Shitstorm als Mittel der Kritik
Der
sogenannte Shitstorm im Internet ist nach Ansicht des Medienwissenschaftlers Bernhard Pörksen besser als sein Ruf. »Ich halte die pauschale Shitstorm-Kritik für falsch«, sagte der Tübinger Professor in einem Interview der Deutschen Presse-Agentur. »Man sieht hier, dass sich der Ausdruck zu einem Kampfbegriff entwickelt hat – ähnlich wie Cybermob ein Schlagwort zur pauschalen Diffamierung der Netzszene.«
In einem »Shitstorm« könnten sich aber große gesellschaftliche Fragen spiegeln. »Man denke nur an die sogenannte Aufschrei-Debatte – hier ging es um den alltäglichen Sexismus gegenüber Frauen. Man denke nur an die Proteste gegen Markus Lanz – hier ging es um die äußerst relevante Frage: Wie viel Privatfernsehen vertragen die öffentlich-rechtlichen Medien?« Es gebe im Netz zwar die böse Attacke und die enthemmte Aggression, sagte Pörksen. Oft aber handele es sich eben um berechtigten Protest. »Man denke nur an einen Shitstorm, der sich gegen ein Unternehmen richtet: Hier zeigen sich oft brisante, manchmal einfach berechtigte, in jedem Fall ökonomisch hochrelevante Wertkonzepte von Konsumenten und Kunden.« Nötig seien »Shitstorm-Interpreten, die die Frage stellen, welchen aufklärerischen Sinn die scheinbar sinnlose Empörung habe.

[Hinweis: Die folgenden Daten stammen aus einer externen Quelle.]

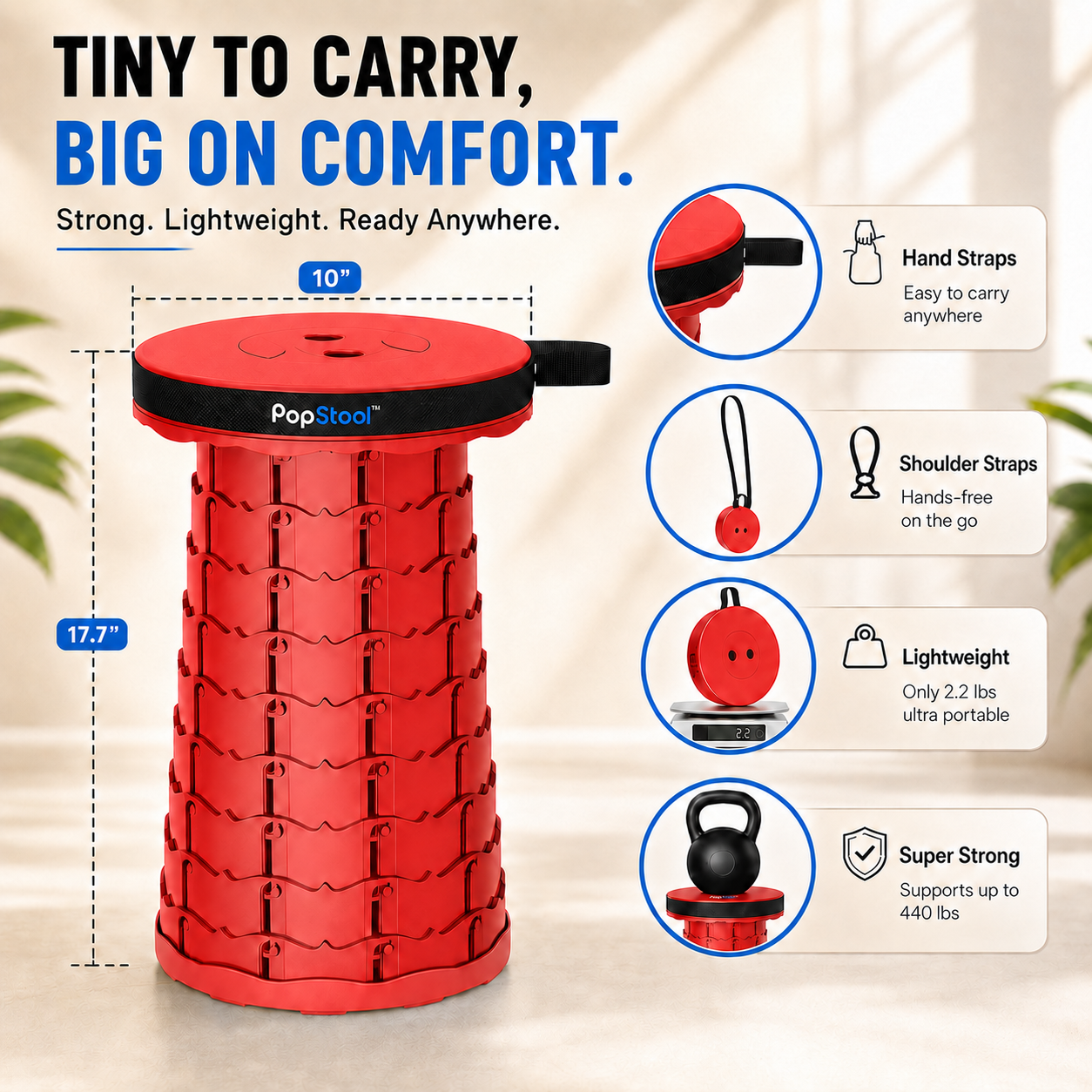 PopStool™ - Collapsible portable stool
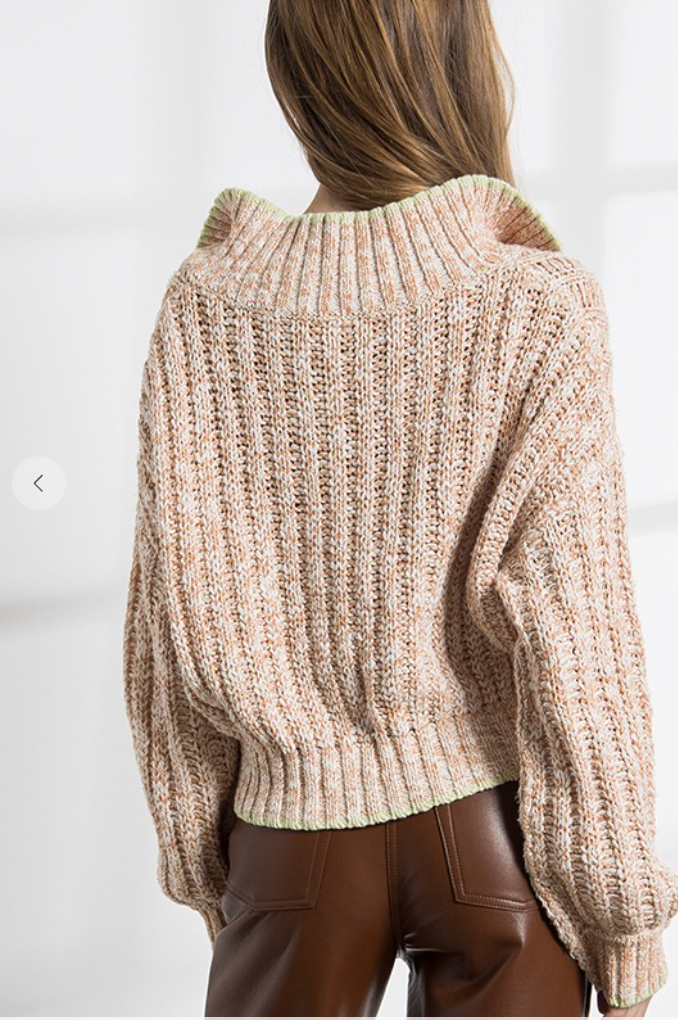 Cream V Neck Cable Knit Waist Crop Trimmed Sweater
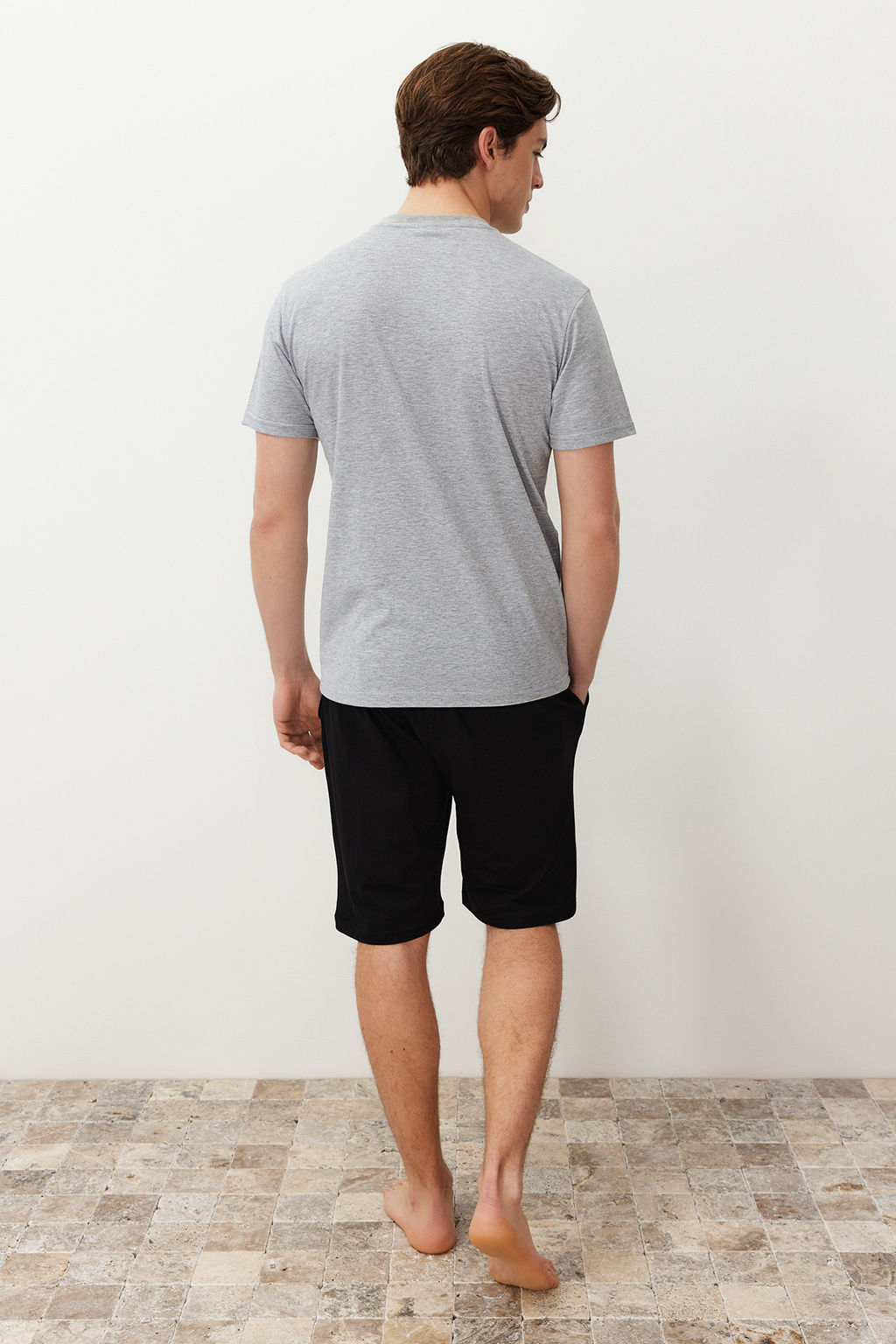 TRENDYOL MAN Mavi %100 Pamuk Regular Fit Orme Yazl?k Sortlu Pijama Tak?m? THMSS21PT0216 - Trendyolmilla фото 35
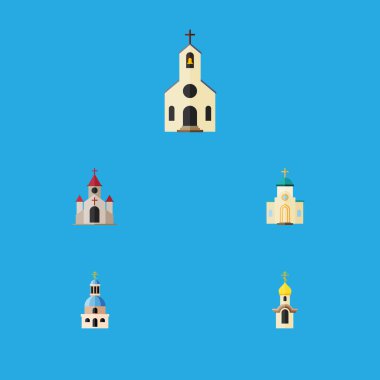 Düz simgesi bina geleneksel, dini, inşaat ve diğer vektör nesneleri kümesi. Ayrıca Hıristiyan, Katolik, mimari öğeler içerir.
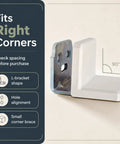 Hella Sturdy Stainless Steel L Brackets With Smooth White Caps Provide Serious Anti Tip Reinforcement For Floating Shelves Drawers And Cabinetry No Sweat Setup Ensures A Flawless Finish Every Single Time - L-bracket shape in silver and white for right corners.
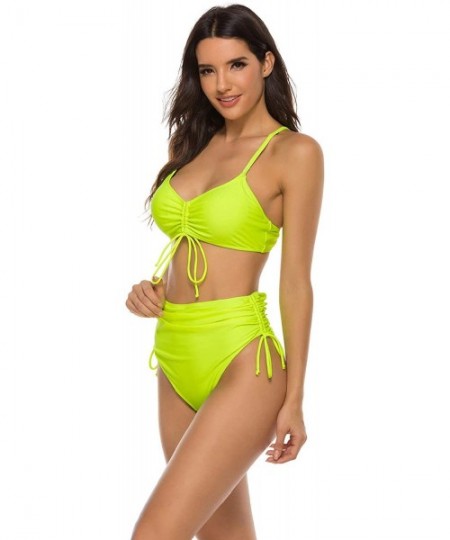 Sets Womens Neon Cheeky High Waisted Bikini Set Push Up Two-Piece Swimsuits Cute Sexy Bathing Suit - A Neon - C0193GY8CH2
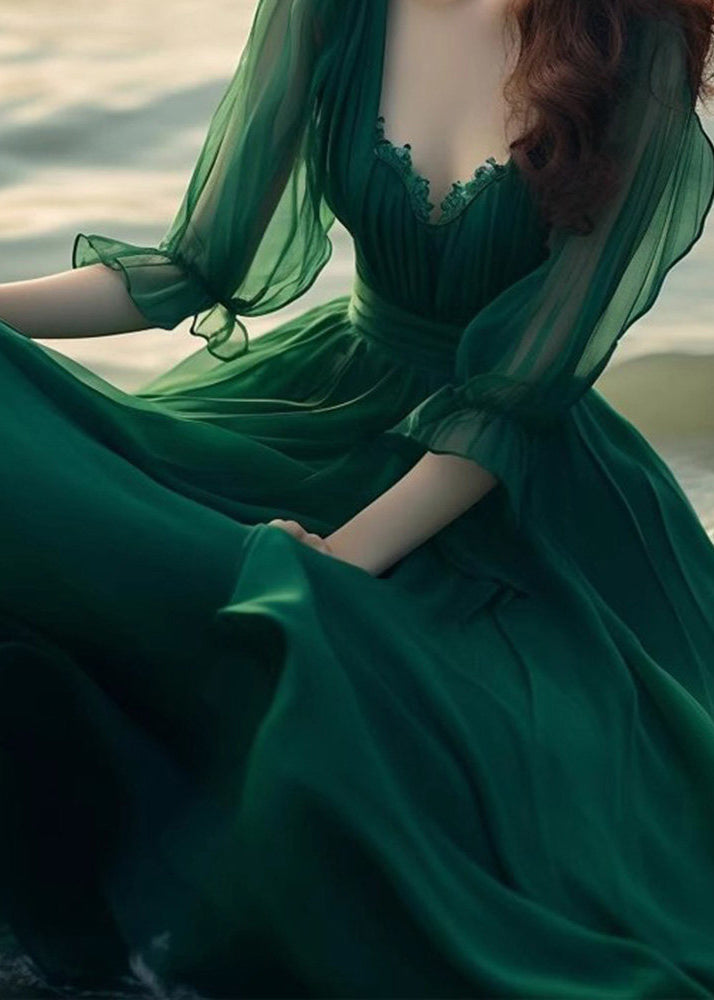 Modern Green V Neck Exra Large Hem Chiffon Maxi Dress Spring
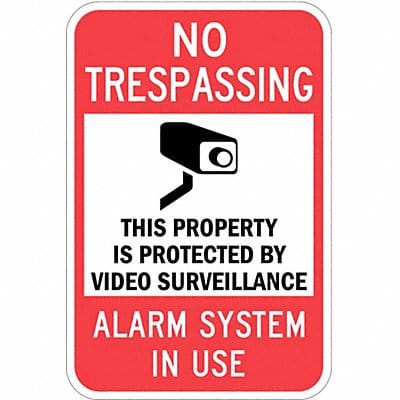 Rflctv No Trespassing Sign 18x12in Alum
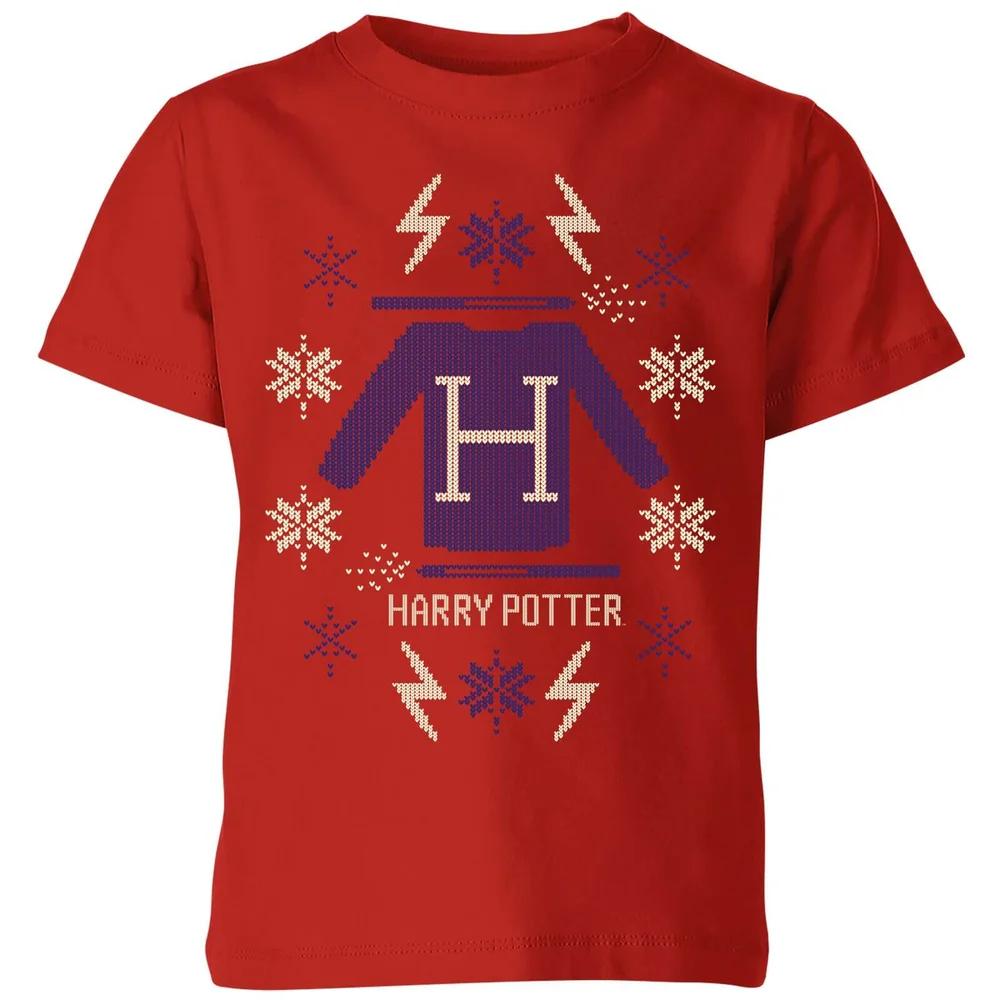 Harry Potter Christmas Sweater Kids  T-Shirt - Red - 3-4 Years 160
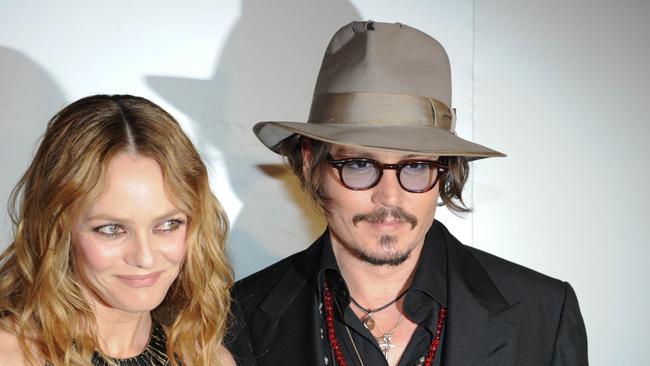 Depp with ex-partner Vanessa Paradis. Picture: AFP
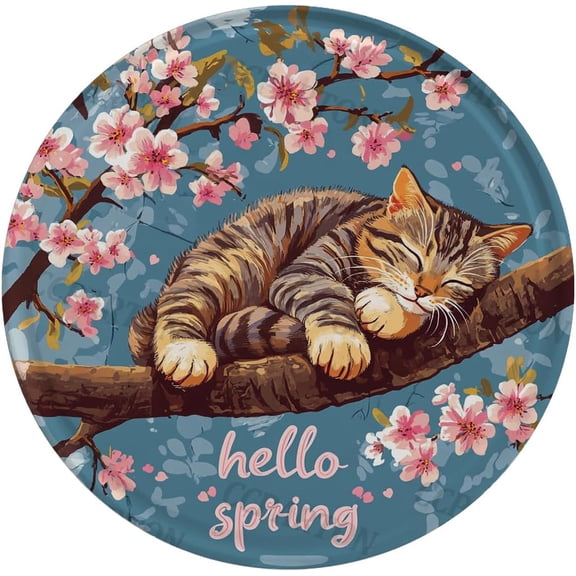 Round Metal Hello Spring Sign, Funny Home Porch Garden Yard Outdoor Wall Decor, 8 x 8 Inch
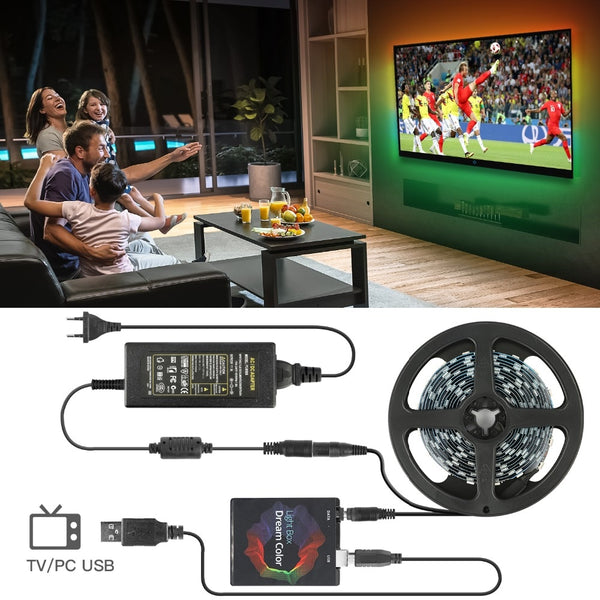 Addressable WS2812B LED Strip Ambilight Full Set USB LED Strip TV PC Back Lighting Dream Screen Computer Monitor 1/2/3/4/5m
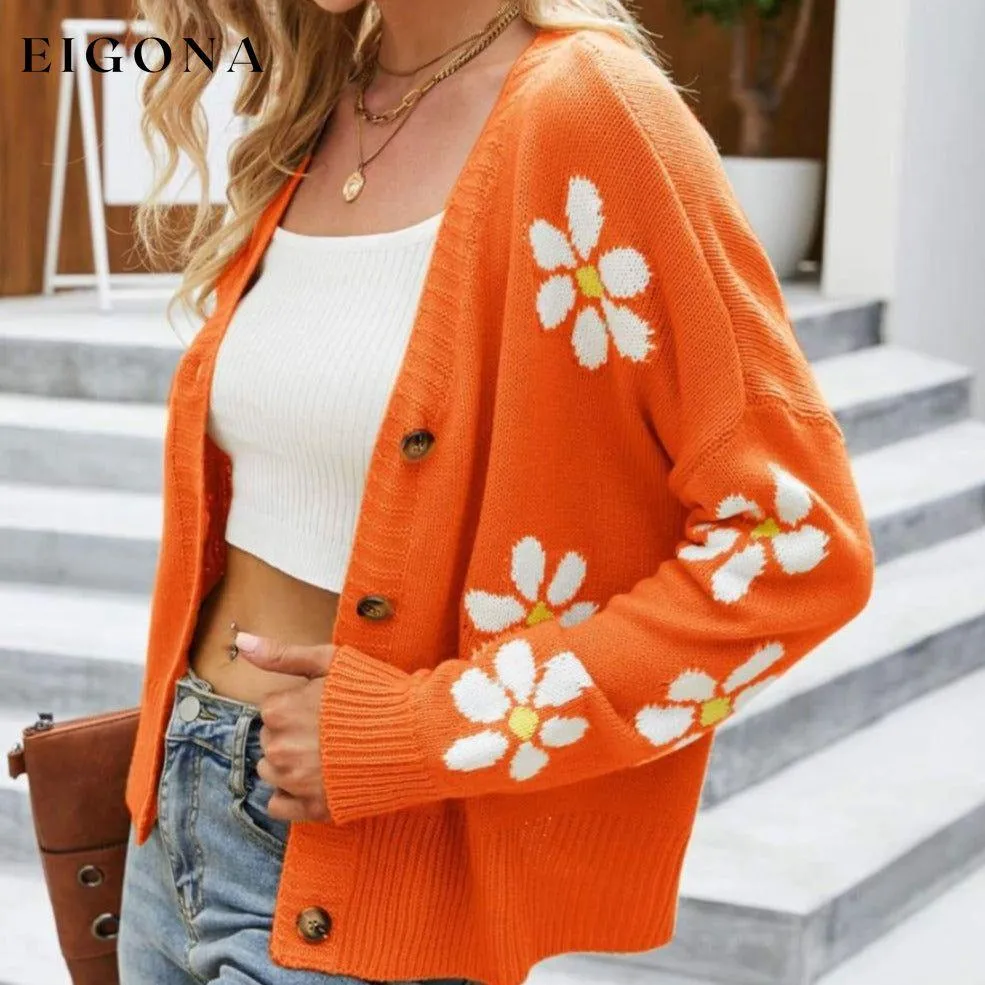 Floral Ribbed Trim Drop Shoulder Cardigan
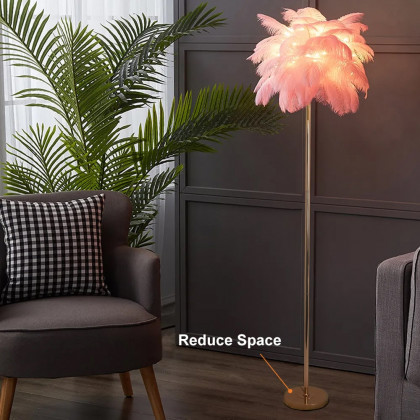 HMR Loftus Art Deco Rose Gold Floor Lamp with Feather Shade Tree Standing Lamp - Pink, Without Shelf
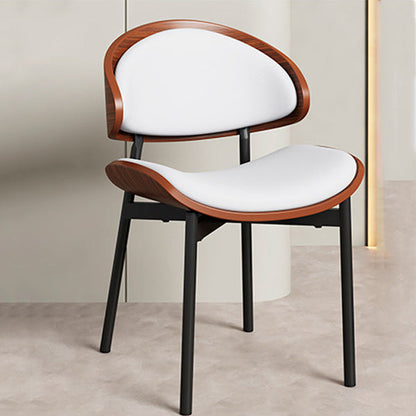 Contemporary Scandinavian Arc Faux Leather Solid Wood Carbon Steel Dining Chair Backrest Armless For Dining Room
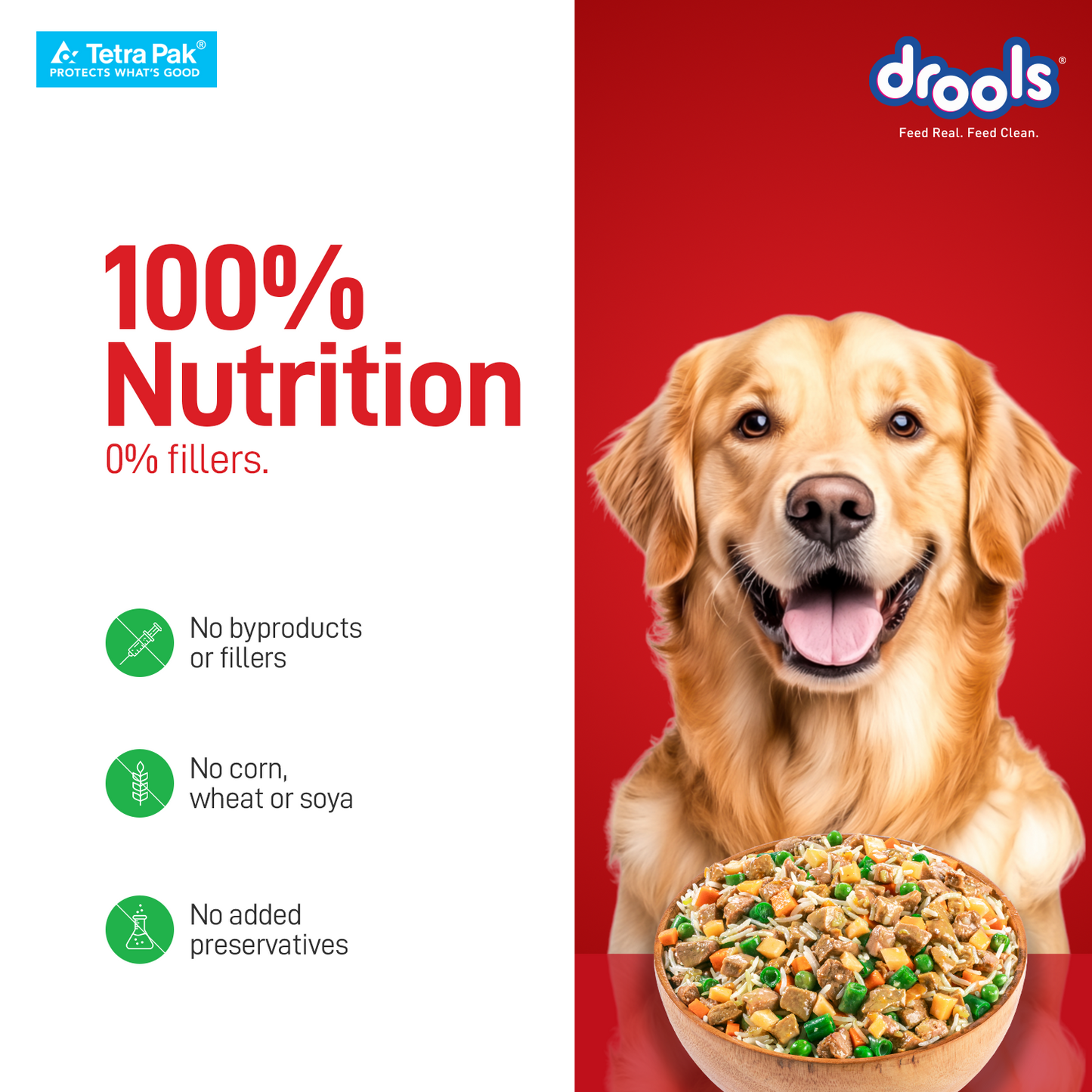 Drools Tetra Pack Real ChickenVeggies 350gm - Animeal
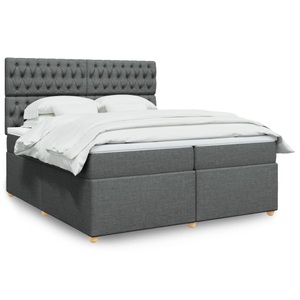 vidaXL, vidaXL Boxspringbett mit Matratze Dunkelgrau 200x200 cm Stoff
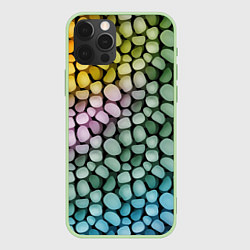 Чехол для iPhone 12 Pro Морские розовые голубые желтые камешки, цвет: 3D-салатовый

Die Medienlandschaft befände sich derzeit im Wandel, so Pörksen weiter, »auf dem Weg von der Mediendemokratie der klassischen Leitmedien hin zur Empörungsdemokratie des digitalen Zeitalters«. Traditionelle Machtzentren und publizistischen Monopole würden so zusehends an Einfluss verlieren.